(Crawled caption data)

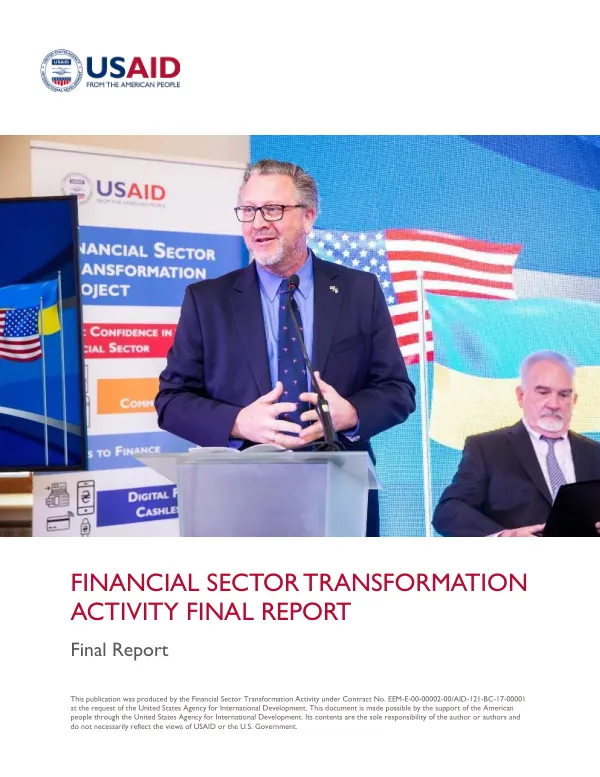 Financial Sector Transformation Activity Final Report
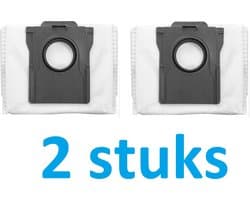 2 x stofzuigerzak voor de robot Dreame X30 - X40 - L10s ultra pro heat - X50 - Grote capaciteit tot 3L - beste kwaliteit vervangingen - voor Dreame L10s pro Ultra/L10s Pro Ultra Heat/X40 Ultra E12/L40 Ultra/L10s Ultra Gen2 - stofzuigerzakken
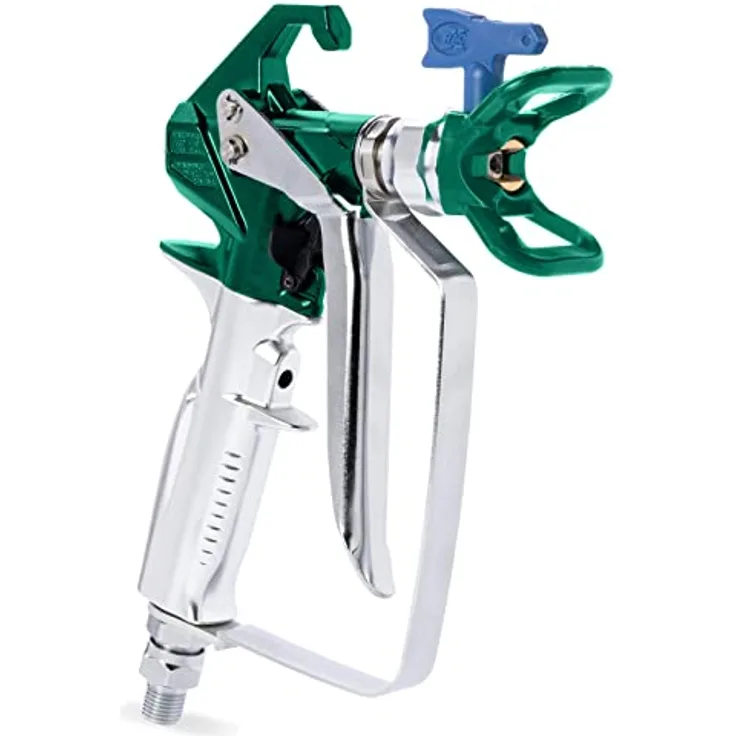 BAUTEC Airless Farbsprühpistole, Profi-Sprühpistole für Farben & Lacke, bis zu 248 bar, 540 g, grün/silber oder silber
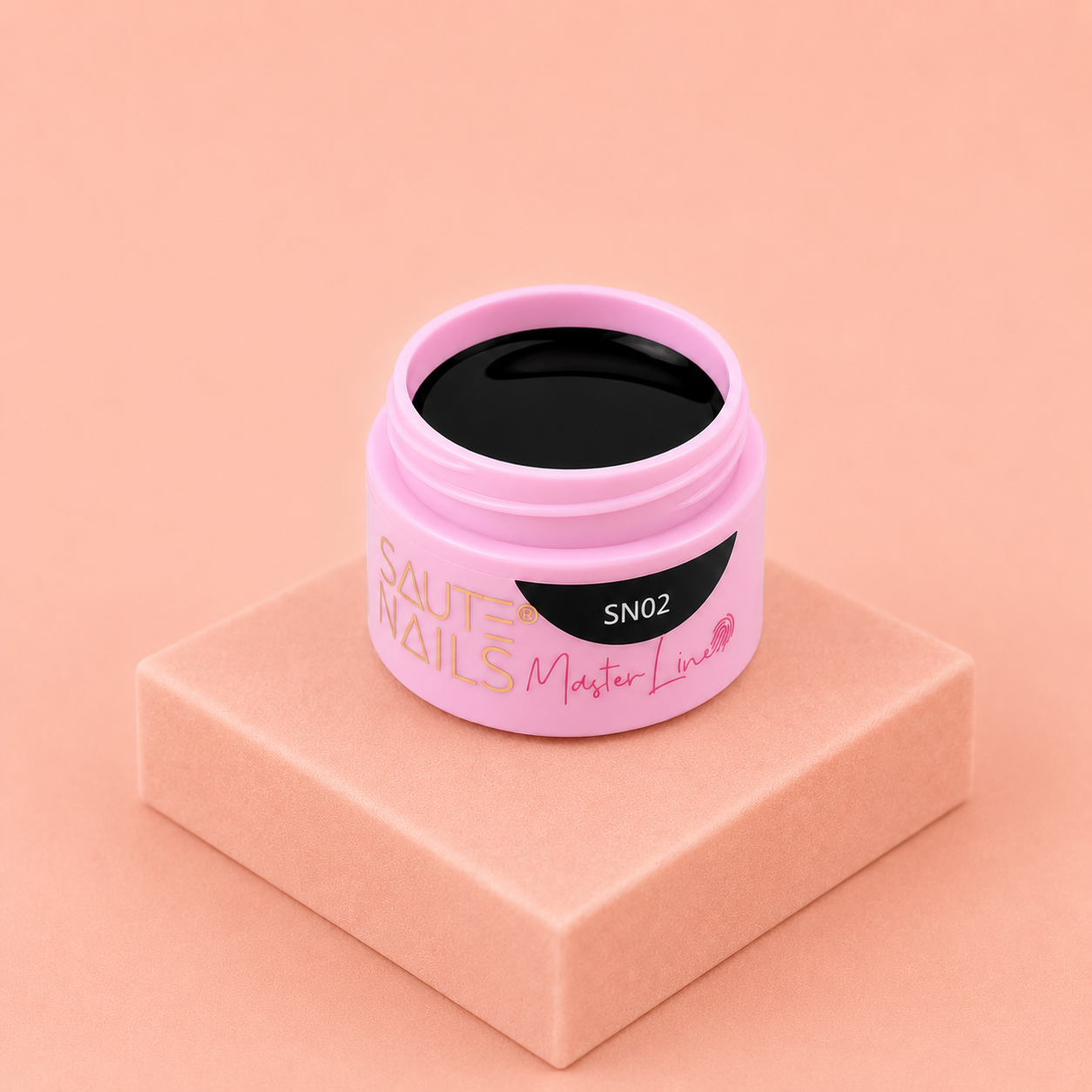 Saute Nails Master Line SN02 – Gel de Décoration Noir pour Nail Art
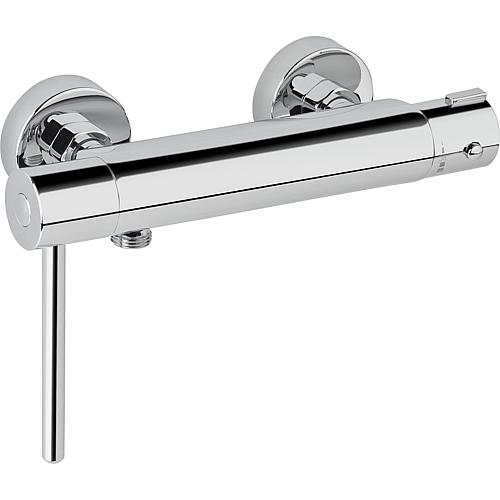 Surface-mounted-shower thermostat Rumba II, long handle, chrome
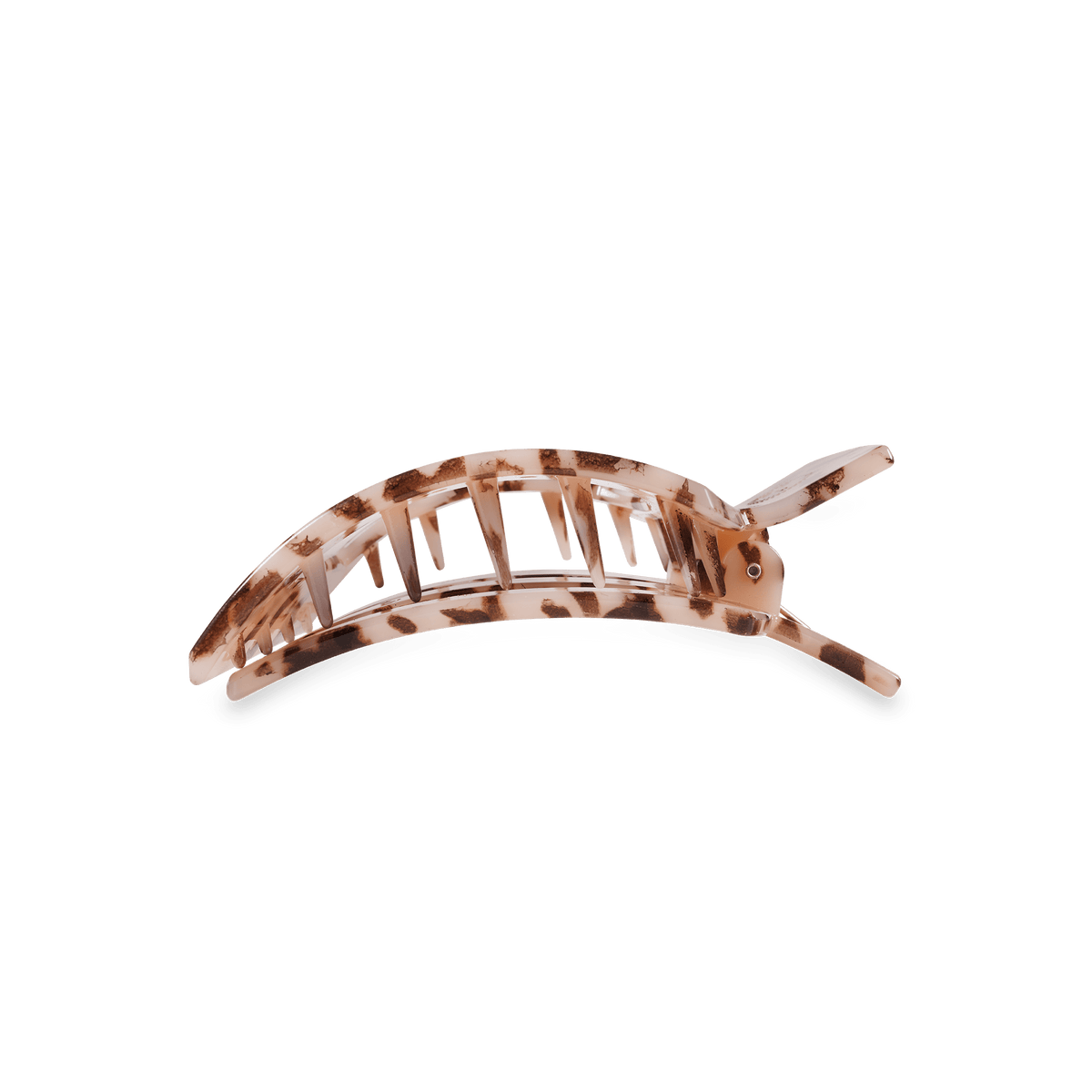 Blonde tortoise medium flat square hair clip acetate minimalist everyday hair accessory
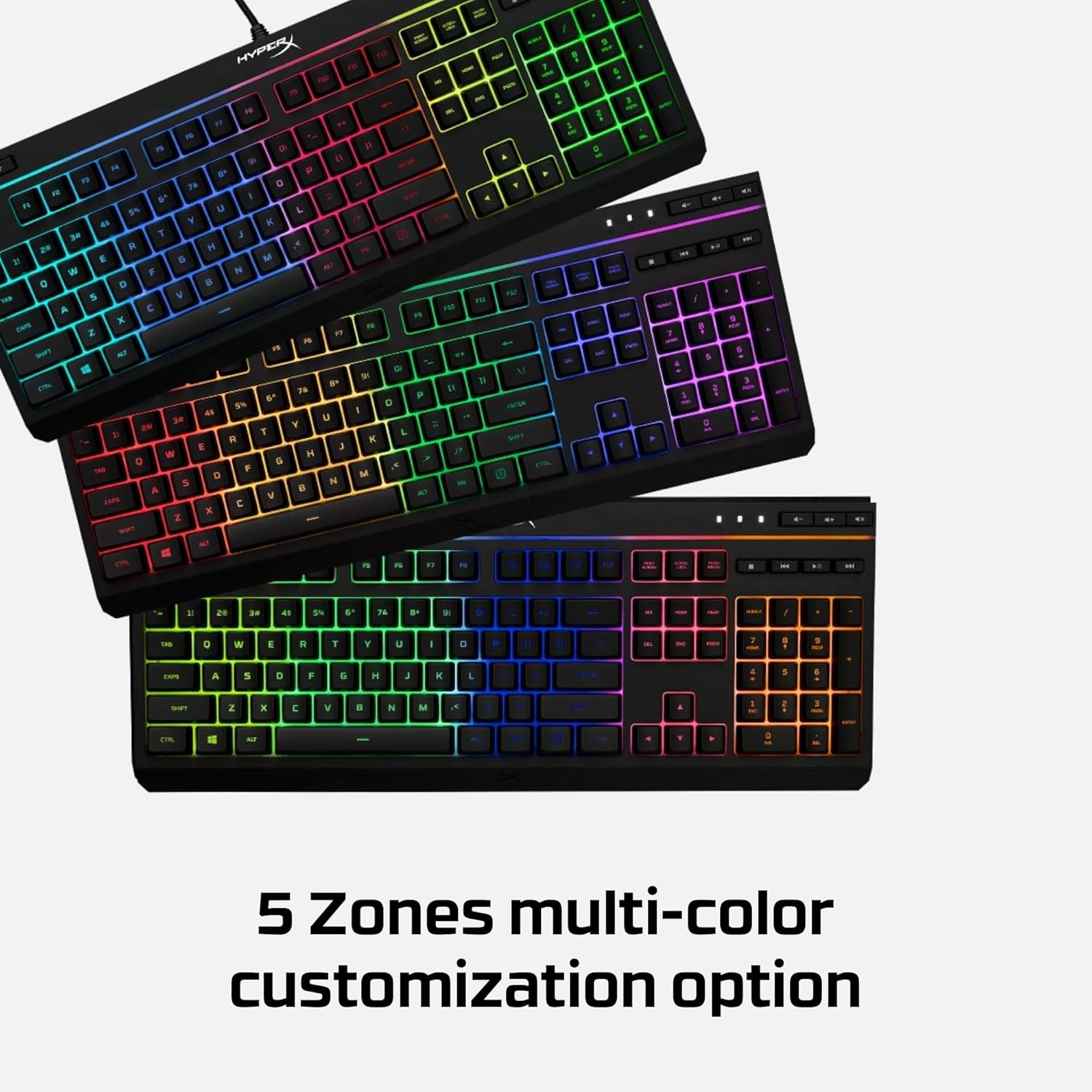 HyperX Alloy Core RGB Membrane Gaming Keyboard | HX-KB5ME2-UK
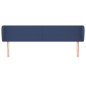 vidaXL Kopfteil mit Ohren Blau 203x23x78/88 cm Stoff vidaXL Kopfteil mit Ohren Blau 203x23x78/88 cm Stoff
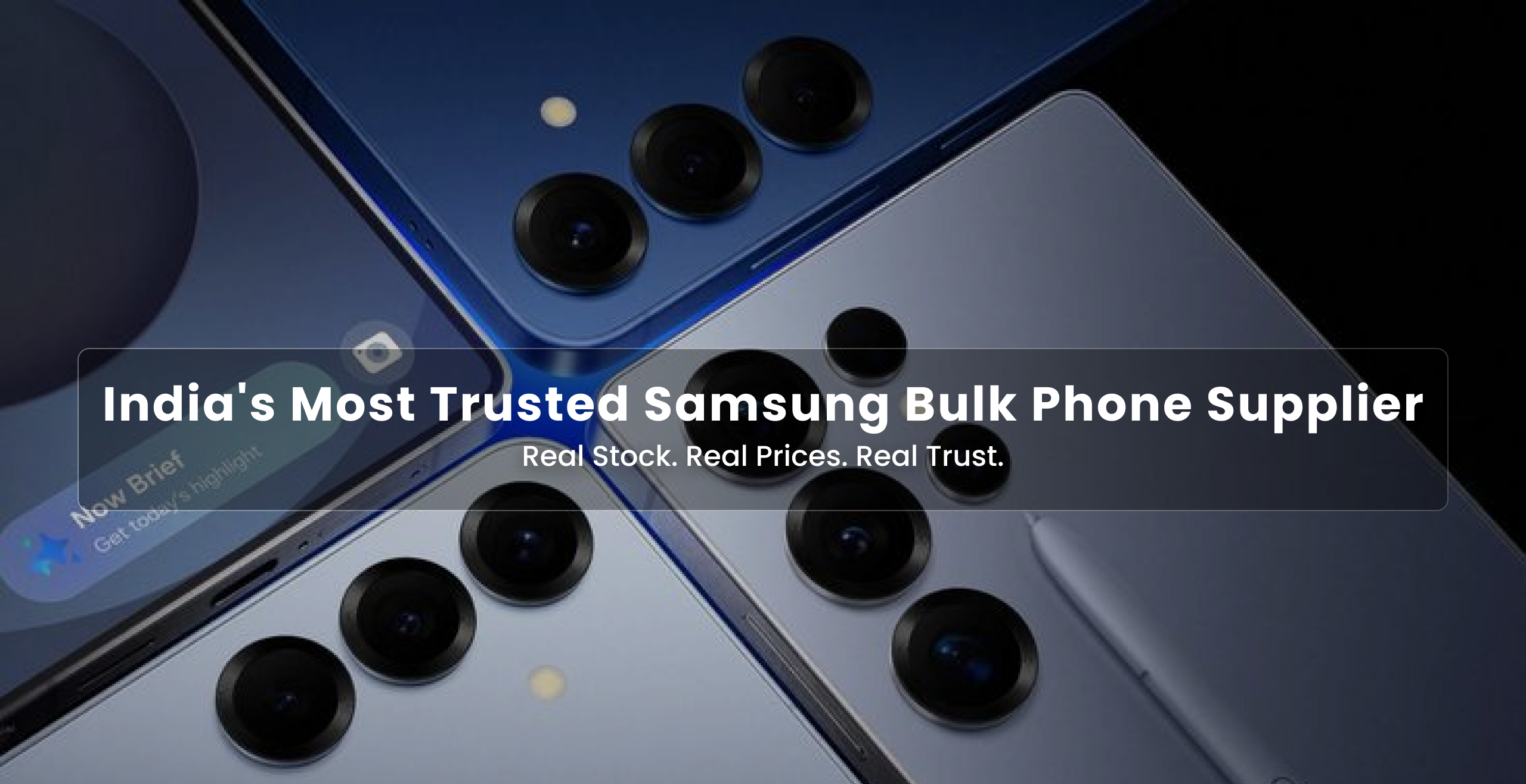 Samsung bulk phone supplier in India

> [Work order] Apart from the pictures, all of the data should be repeated exactly.

> [Answer below]
 Financial Sector Transformation Activity Final Report
 2 x stofzuigerzak voor de robot Dreame X30 - X40 - L10s ultra pro heat - X50 - Grote capaciteit tot 3L - beste kwaliteit vervangingen - voor Dreame L10s pro Ultra/L10s Pro Ultra Heat/X40 Ultra E12/L40 Ultra/L10s Ultra Gen2 - stofzuigerzakken
 BAUTEC Airless Farbsprühpistole, Profi-Sprühpistole für Farben & Lacke, bis zu 248 bar, 540 g, grün/silber oder silber
 Saute Nails Master Line SN02 – Gel de Décoration Noir pour Nail Art
 Surface-mounted-shower thermostat Rumba II, long handle, chrome
 Blonde tortoise medium flat square hair clip acetate minimalist everyday hair accessory
 HyperX Alloy Core RGB Membrane Gaming Keyboard | HX-KB5ME2-UK
 vidaXL Kopfteil mit Ohren Blau 203x23x78/88 cm Stoff vidaXL Kopfteil mit Ohren Blau 203x23x78/88 cm Stoff
 Samsung bulk phone supplier in India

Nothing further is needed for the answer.